It's startling, really. Four years ago i had my heart set on attending Andrews University. This weekend many people i came to Southern with will be graduating. Jobs, masters degrees, marriages, missionaries, research, things changing, just like they do every year, but different. Life is happening. And here i am, still here, another year, another life. But what will i do? When i march out of here next May, where will i be marching to? By whose orders? What will life be for me? It will be an end. It will be a beginning. It will be startling and calming, sad and happy, maybe an adventure, maybe coming home anew. i don't always like this kind of change. i am happy knowing the friends i know, doing the things i do. But He has new friends for me, new things to do and places to go. Can i trust Him to lead where i would go if i knew? i must.
Goodbye.
Hello.
End.
Begin.
Life.
me.
God.
7 comments:
mmmmm... nicely expressed, JG.
i empathize
see you tomorrow
I know how you feel. Change can be hard, but it can also be awesome.

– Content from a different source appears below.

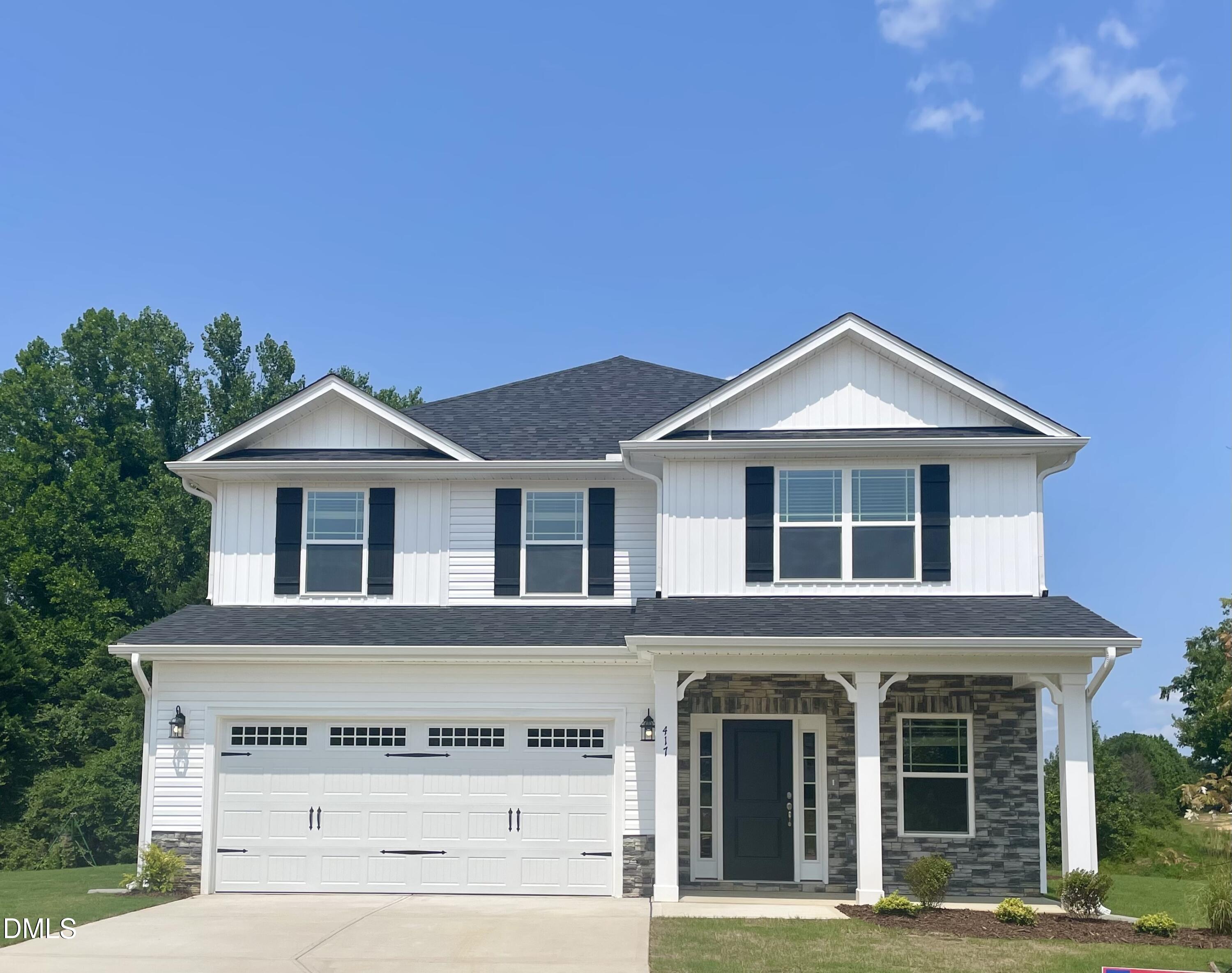 39 Deep Blue Trail Middlesex, NC 27557 - Photo 1 of 38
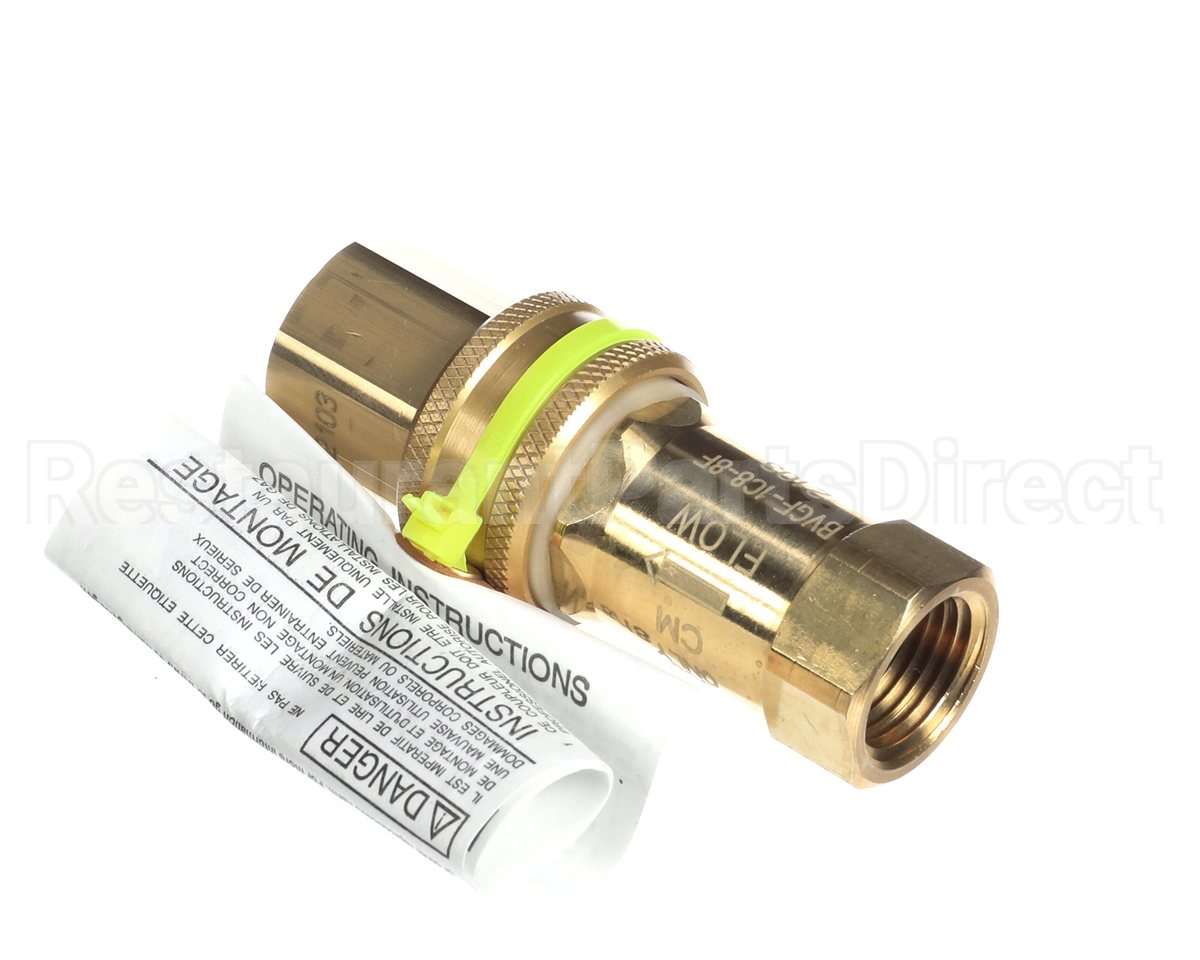 B50 Dormont Quick Disconnect 1/2"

I know how you feel too. I didn't realize you thought about Andrews! That would have been different.
I can relate. Only this time I am the one leaving... :'o ;-)
Change always seems to come too soon. But looking back, I usually realize I am ready to move on.

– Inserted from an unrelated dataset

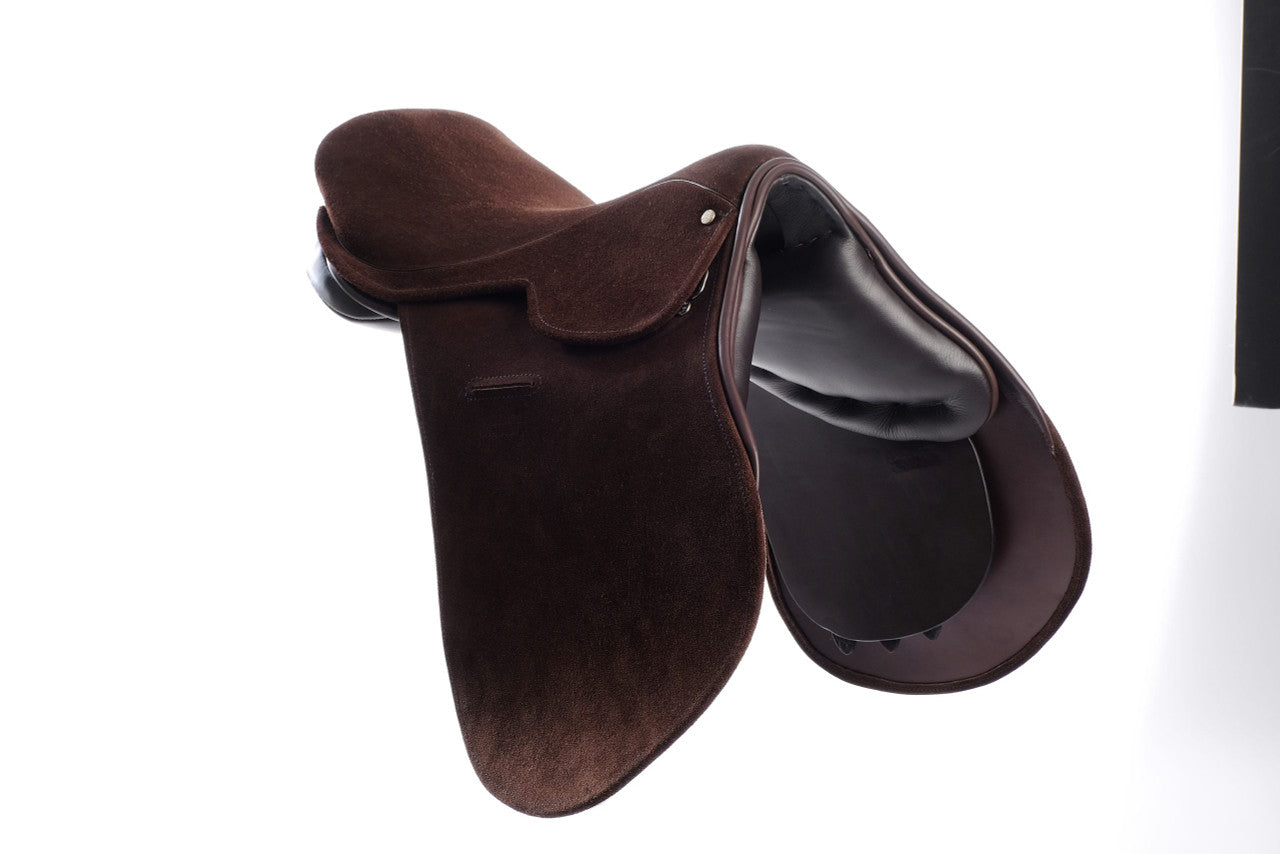 Berney Brothers Polo Saddle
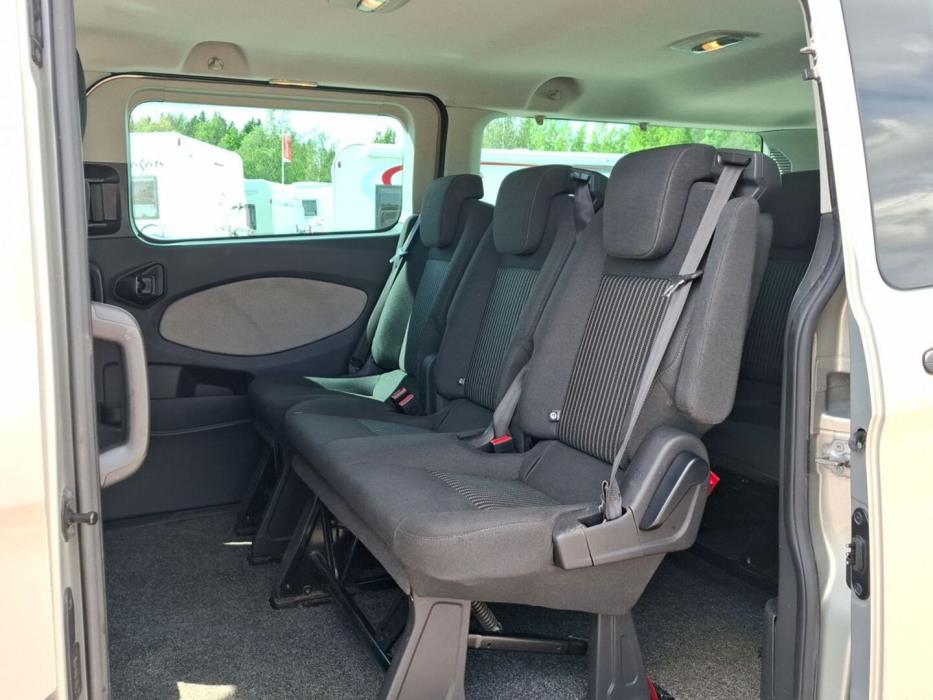 FORD Tourneo Custom 2013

Graduating from high school was a very sad time for me, but change was necessary. Even though it was sad for a while, now I am so happy! I'm sure graduating from college will be a very sad time, but God will lead you where He wants you to be. He will help you to be happy in the peace that you are following His leading.
So many good memories. You were an awesome roomate. Remember Christmas in the abstract, fire hot tomato soup, and putting up with my insane memorization techniques?
We'll have to stay in touch.
I didn't know you almost picked andrews too. I was actually signed up at Andrews, and didn't switch to SAU until three weeks before school started. Before that, I was almost set to try Dartmouth. God has a way of twisting the path in unexpected directions.
It amuses me to say that I was planning to go to Andrews also... ...but then I graduated a year early and somehow ended up at Southern. Weird, we might have all been friends at Andrews but instead, we were all friends at Southern.